Except as provided in the paragraph above, any indemnification under this section shall be made by the corporation only if authorized in the specific case, upon a determination that indemnification of the agent is proper in the circumstances because the agent has met the applicable standard of conduct set forth above, by any of the following: (1) a majority vote of a quorum consisting of directors who are not parties to such proceeding, (2) if such a quorum of directors is not obtainable, by independent legal counsel in a written opinion, (3) approval of the shareholders (Section 153), with the shares owned by the person to be indemnified not being entitled to vote thereon, or (4) The court in which the proceeding is or was pending upon application made by the corporation or the agent or the attorney or other person rendering services in connection with the defense, whether or not the application by the agent, attorney or other person is opposed by the corporation.

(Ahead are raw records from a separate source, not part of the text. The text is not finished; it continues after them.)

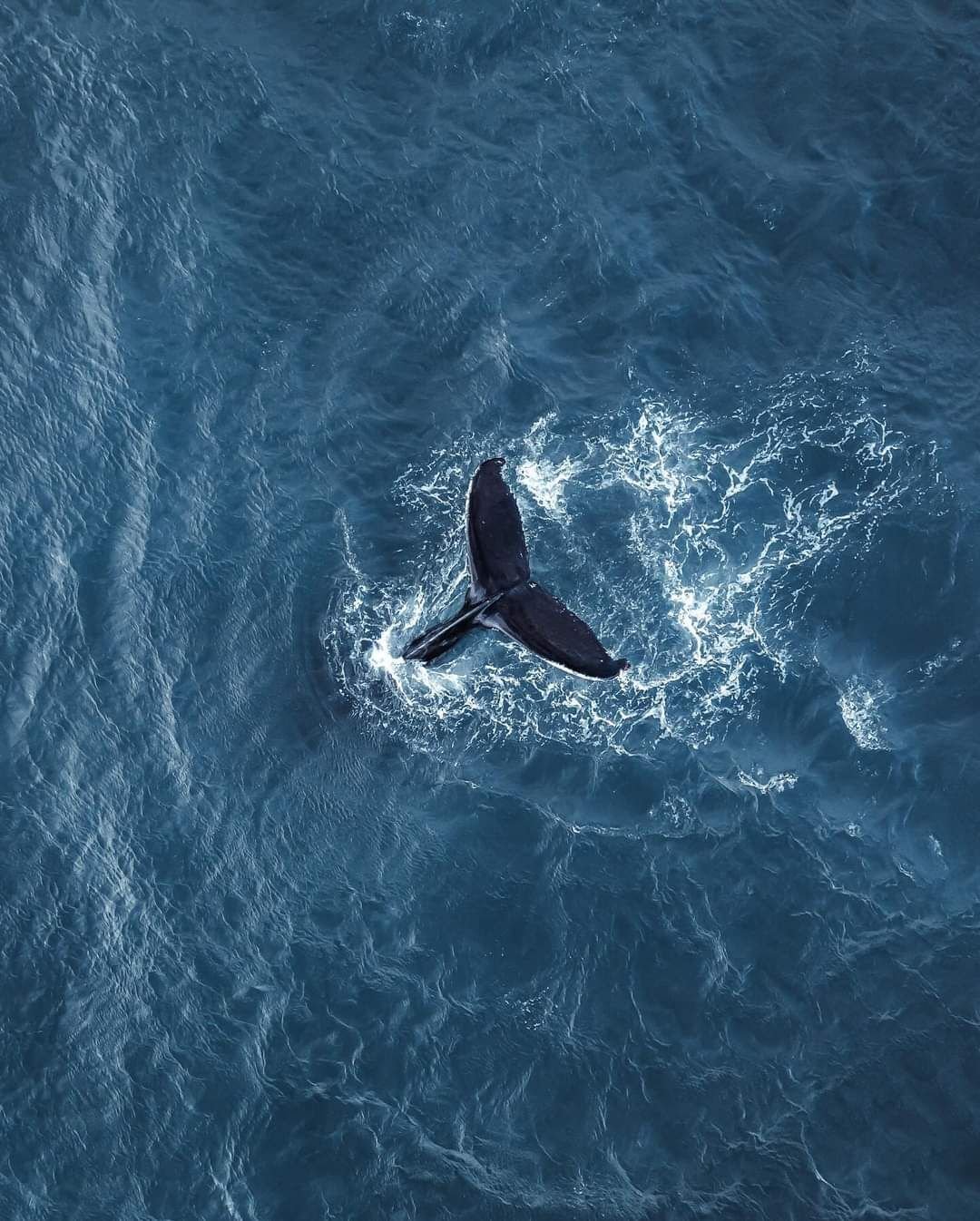 Aerial view of a whale with raised tail flukes in deep blue ocean water surrounded by white foam and waves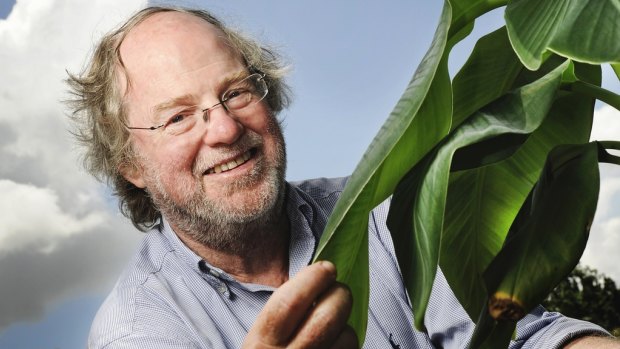 QUT's Professor James Dale is taking on a fungus which tricks bananas into killing themselves. 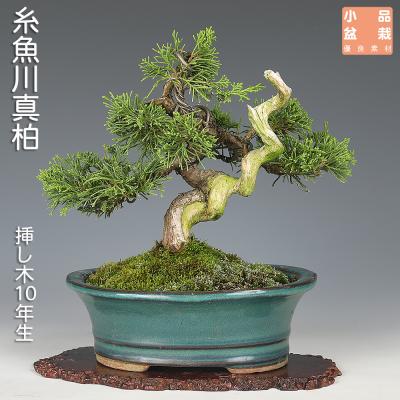 ミニ盆栽 真柏のおすすめ人気商品一覧 通販 - Yahoo!ショッピング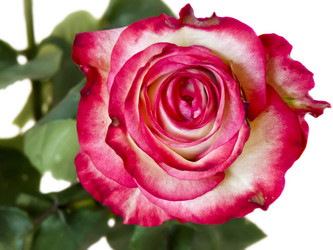 Similar image 1060833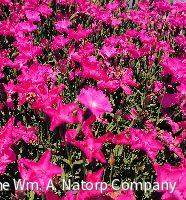 Dianthus Kahori® Pink -Ship Only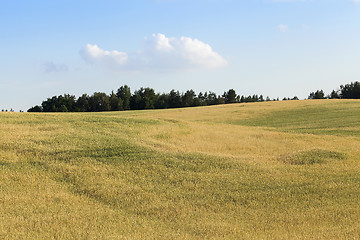 Image showing Field with cereal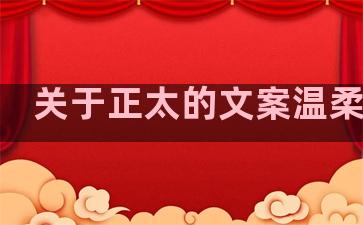 关于正太的文案温柔句子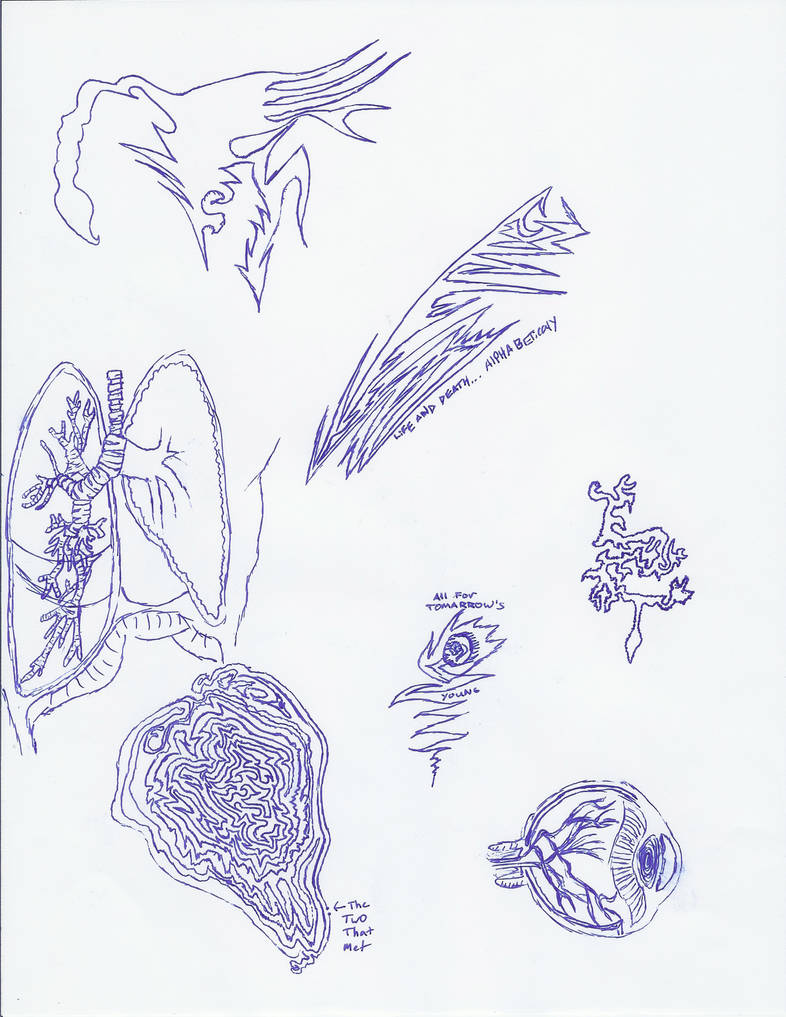 Doodles of Anatomy + by HUMANSasORNAMENTS on DeviantArt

Articles of Incorporation and Bylaws
The Company’s articles of incorporation provide that the liability of the directors of the Corporation for monetary damages shall be eliminated to the fullest extent permissible under California law. Our articles of incorporation and bylaws also provide that we are authorized to provide indemnification of agents (as defined in Section 317 of the Corporations Code) for breach of duty to the corporation and its shareholders through bylaw provisions or through agreements with agents, or both, in excess of the indemnification otherwise permitted by Section 317 of the Corporations Code, subject to the limits of such excess indemnification set forth in Section 204 of the Corporations Code.
Insurance
The Company has also obtained officers’ and directors’ liability insurance which insures against liabilities that officers and directors may, in such capacities, incur. Section 317 of the GCGL provides that a California corporation shall have power to purchase and maintain insurance on behalf of any agent of the corporation against any liability asserted against or incurred by the agent in any that capacity or arising out of the agent’s status as such whether or not the corporation would have the power to indemnify the agent against that liability under CGCL Section 317.
Underwriting Agreement
Reference is made to the form of underwriting agreement to be filed as Exhibit 1.1 hereto for provisions providing that the underwriters are obligated under certain circumstances to indemnify our directors, officers and controlling persons against certain liabilities under the Securities Act of 1933, as amended (the “Securities Act”).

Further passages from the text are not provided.